§ EXERCISE GOAL
Print the data exactly as it appears, keeping every word.

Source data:
########################################

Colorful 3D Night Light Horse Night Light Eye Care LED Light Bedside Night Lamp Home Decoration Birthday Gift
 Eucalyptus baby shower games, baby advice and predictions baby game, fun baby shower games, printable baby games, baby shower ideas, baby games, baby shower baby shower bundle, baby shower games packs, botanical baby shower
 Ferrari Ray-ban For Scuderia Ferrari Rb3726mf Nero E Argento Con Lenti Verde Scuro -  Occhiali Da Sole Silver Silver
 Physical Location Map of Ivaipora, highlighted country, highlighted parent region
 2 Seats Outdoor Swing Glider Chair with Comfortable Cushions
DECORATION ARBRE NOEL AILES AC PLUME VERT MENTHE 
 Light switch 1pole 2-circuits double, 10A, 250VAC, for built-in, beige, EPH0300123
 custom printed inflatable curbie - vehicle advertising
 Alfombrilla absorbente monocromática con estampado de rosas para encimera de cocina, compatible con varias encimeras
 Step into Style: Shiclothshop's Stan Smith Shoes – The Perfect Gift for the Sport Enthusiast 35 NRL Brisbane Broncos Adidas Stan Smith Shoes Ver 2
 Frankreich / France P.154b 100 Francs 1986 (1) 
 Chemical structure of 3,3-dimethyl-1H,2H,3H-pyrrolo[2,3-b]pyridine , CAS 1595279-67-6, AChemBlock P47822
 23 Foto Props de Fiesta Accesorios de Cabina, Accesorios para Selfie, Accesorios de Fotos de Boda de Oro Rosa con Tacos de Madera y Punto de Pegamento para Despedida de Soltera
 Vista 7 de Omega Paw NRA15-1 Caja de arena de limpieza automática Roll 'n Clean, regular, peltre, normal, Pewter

########################################

§ EXERCISE RESPONSE
Colorful 3D Night Light Horse Night Light Eye Care LED Light Bedside Night Lamp Home Decoration Birthday Gift
 Eucalyptus baby shower games, baby advice and predictions baby game, fun baby shower games, printable baby games, baby shower ideas, baby games, baby shower baby shower bundle, baby shower games packs, botanical baby shower
 Ferrari Ray-ban For Scuderia Ferrari Rb3726mf Nero E Argento Con Lenti Verde Scuro -  Occhiali Da Sole Silver Silver
 Physical Location Map of Ivaipora, highlighted country, highlighted parent region
 2 Seats Outdoor Swing Glider Chair with Comfortable Cushions
DECORATION ARBRE NOEL AILES AC PLUME VERT MENTHE 
 Light switch 1pole 2-circuits double, 10A, 250VAC, for built-in, beige, EPH0300123
 custom printed inflatable curbie - vehicle advertising
 Alfombrilla absorbente monocromática con estampado de rosas para encimera de cocina, compatible con varias encimeras
 Step into Style: Shiclothshop's Stan Smith Shoes – The Perfect Gift for the Sport Enthusiast 35 NRL Brisbane Broncos Adidas Stan Smith Shoes Ver 2
 Frankreich / France P.154b 100 Francs 1986 (1) 
 Chemical structure of 3,3-dimethyl-1H,2H,3H-pyrrolo[2,3-b]pyridine , CAS 1595279-67-6, AChemBlock P47822
 23 Foto Props de Fiesta Accesorios de Cabina, Accesorios para Selfie, Accesorios de Fotos de Boda de Oro Rosa con Tacos de Madera y Punto de Pegamento para Despedida de Soltera
 Vista 7 de Omega Paw NRA15-1 Caja de arena de limpieza automática Roll 'n Clean, regular, peltre, normal, Pewter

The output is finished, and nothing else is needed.